MATERIAL TO PROCESS:
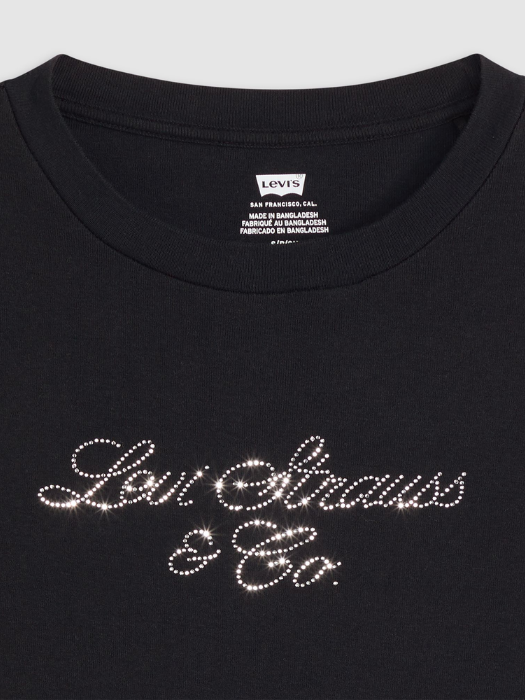 Levi's Bluza Neagra Regular Femei [5]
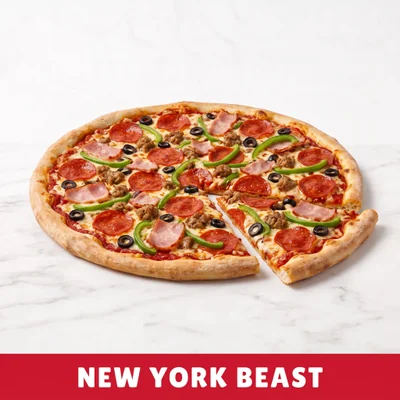 Signature New York Style Pizza at Cheam Peri Peri
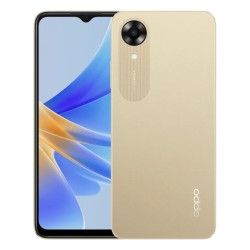 Oppo A17K 64GB Phone - Gold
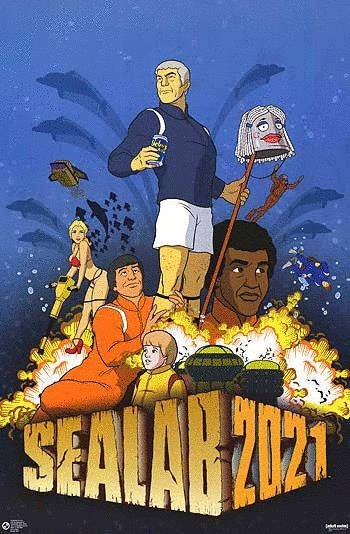 Poster of the movie Sealab 2021
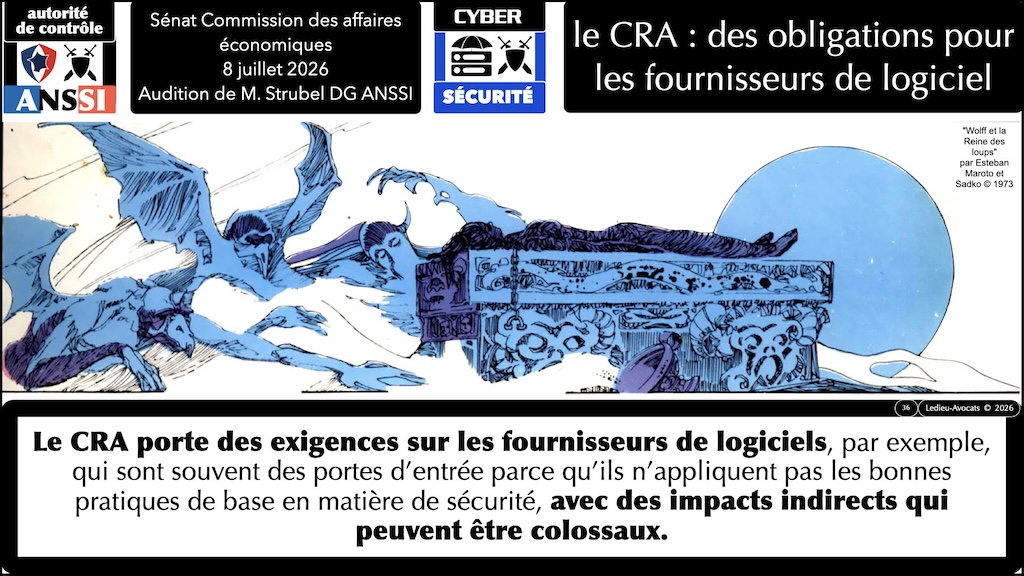 #767 la cybersécurité expliquée aux sénateurs Commission des affaires économiques du Sénat audition de Vincent STRUBEL DG ANSSSI 8 juillet 2026 © Ledieu-Avocats 15-08-2026.036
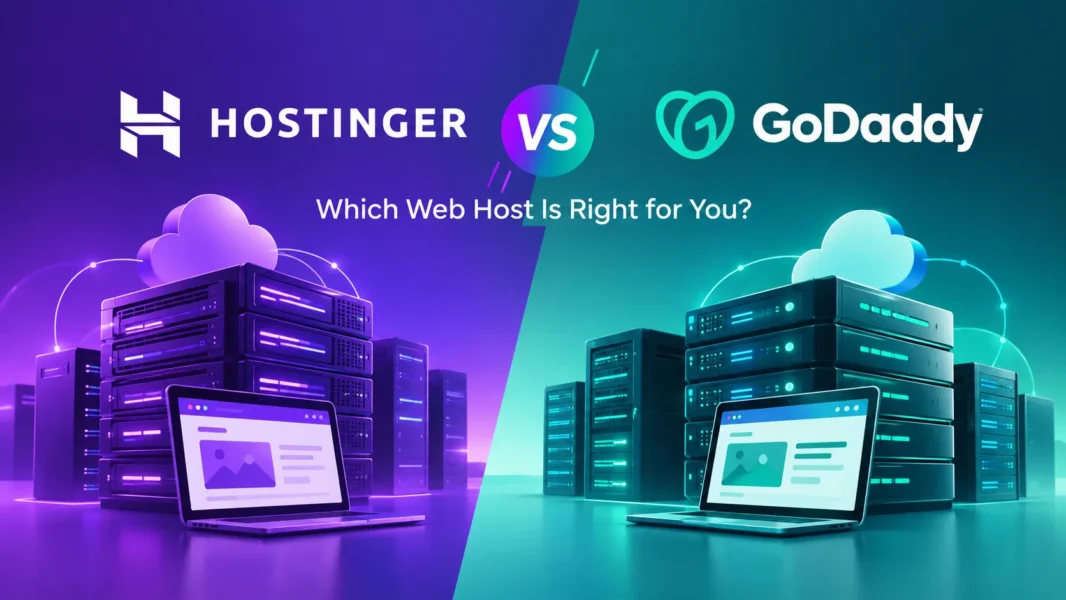 hostinger vs godaddy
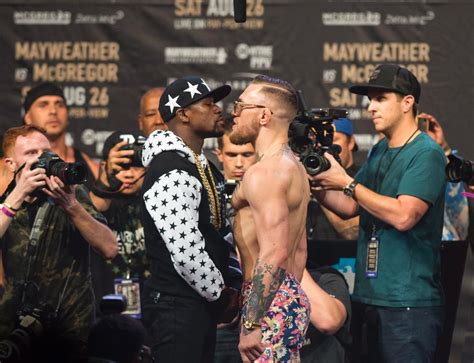 Somehow in the midst of denying that the fight would actually get made, it got made, and now, even through a myriad. Conor McGregor vs. Floyd Mayweather media tour hits Brooklyn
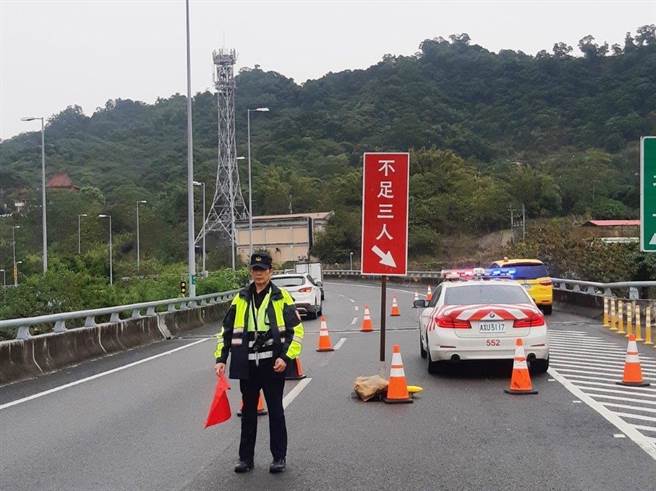 警政署加強中秋連假交通疏導及執法。（翻攝照片／林郁平台北傳真）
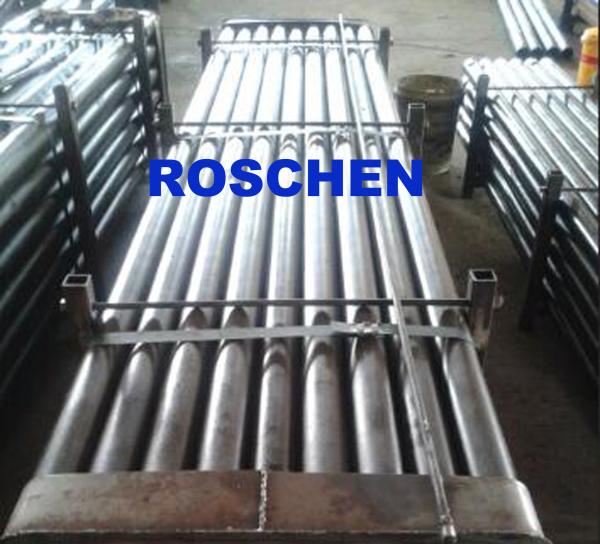 Tool Joint Spanner Flats Reverse Circulation Drill Pipe With 4 1/2 Inch Remet , Metzke Thread
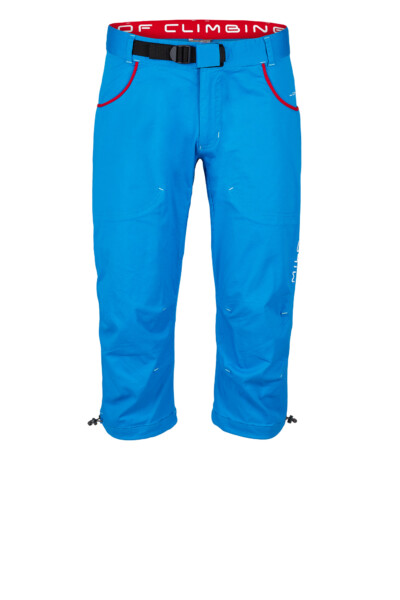 Spodnie Wspinaczkowe Męskie Jesel 3/4 Blue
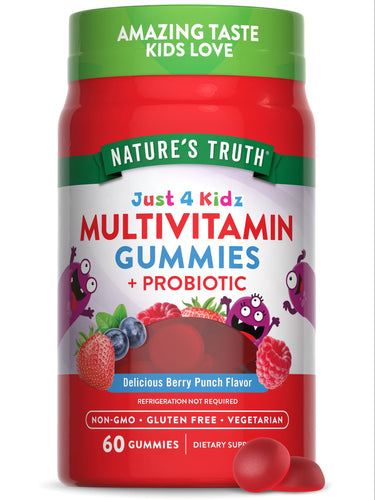 Multivitaminici per Bambini con Probiotici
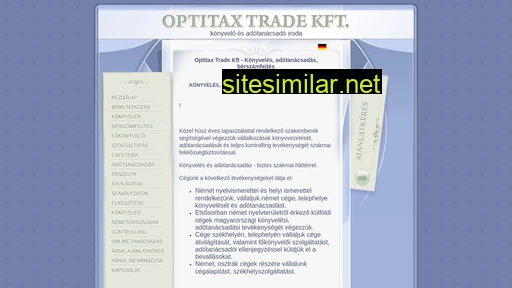 optitax.eu alternative sites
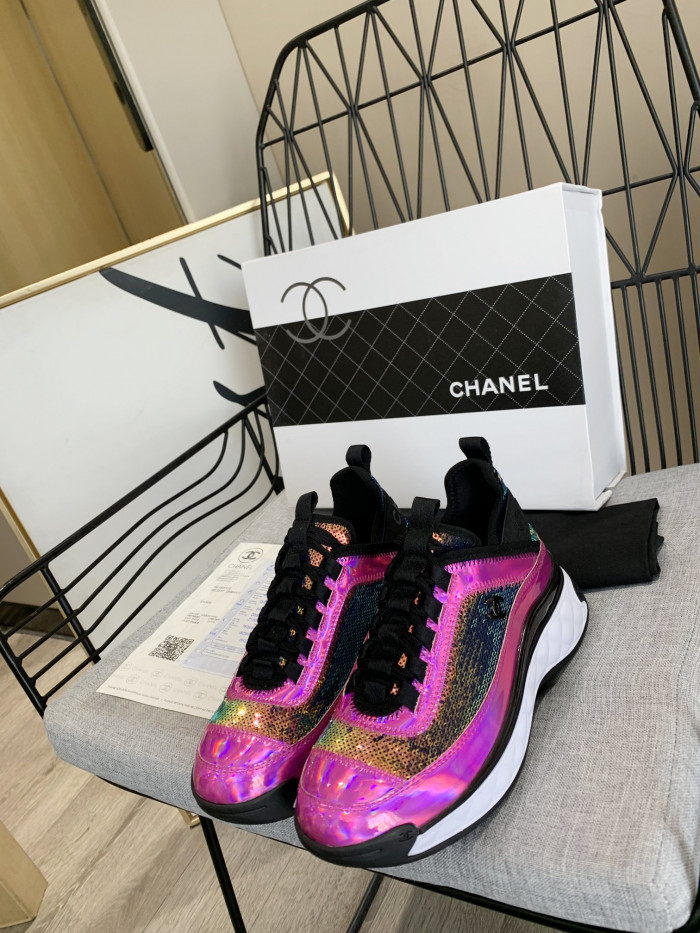 CHNE1 LOW TOP TRAINER CC SNEAKERS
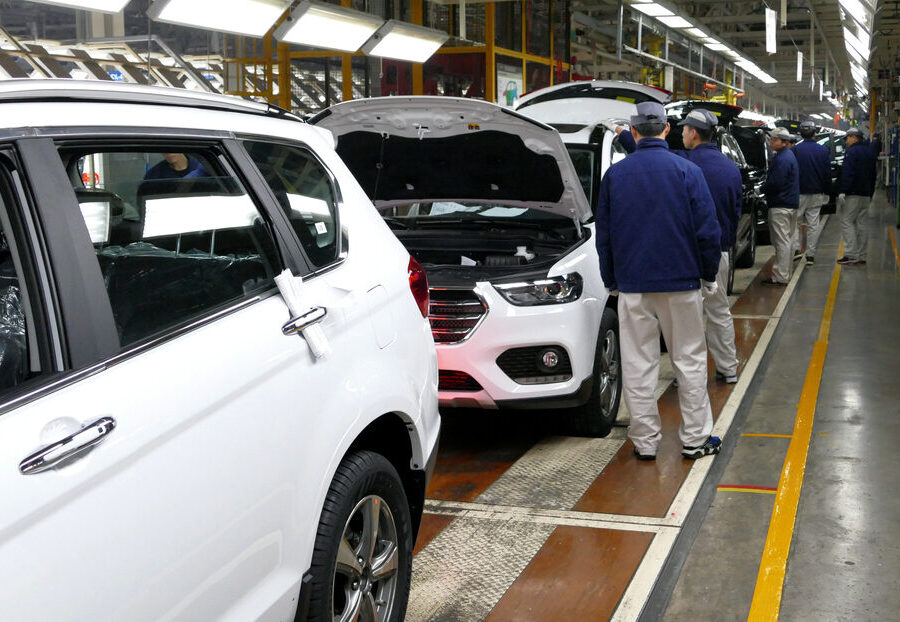 Produzione auto cinesi in Europa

BRIEF:
Lines from the one holding "Somehow in the" down to the last line of the entries above must be retyped exactly, inclusive of both, with no pictures and nothing else.

SOLUTION FOR THIS EXERCISE:
 Somehow in the midst of denying that the fight would actually get made, it got made, and now, even through a myriad. Conor McGregor vs. Floyd Mayweather media tour hits Brooklyn
 警政署加強中秋連假交通疏導及執法。（翻攝照片／林郁平台北傳真）
 Tool Joint Spanner Flats Reverse Circulation Drill Pipe With 4 1/2 Inch Remet , Metzke Thread
 Spodnie Wspinaczkowe Męskie Jesel 3/4 Blue
 Multivitaminici per Bambini con Probiotici
 optitax.eu alternative sites
 CHNE1 LOW TOP TRAINER CC SNEAKERS
 Produzione auto cinesi in Europa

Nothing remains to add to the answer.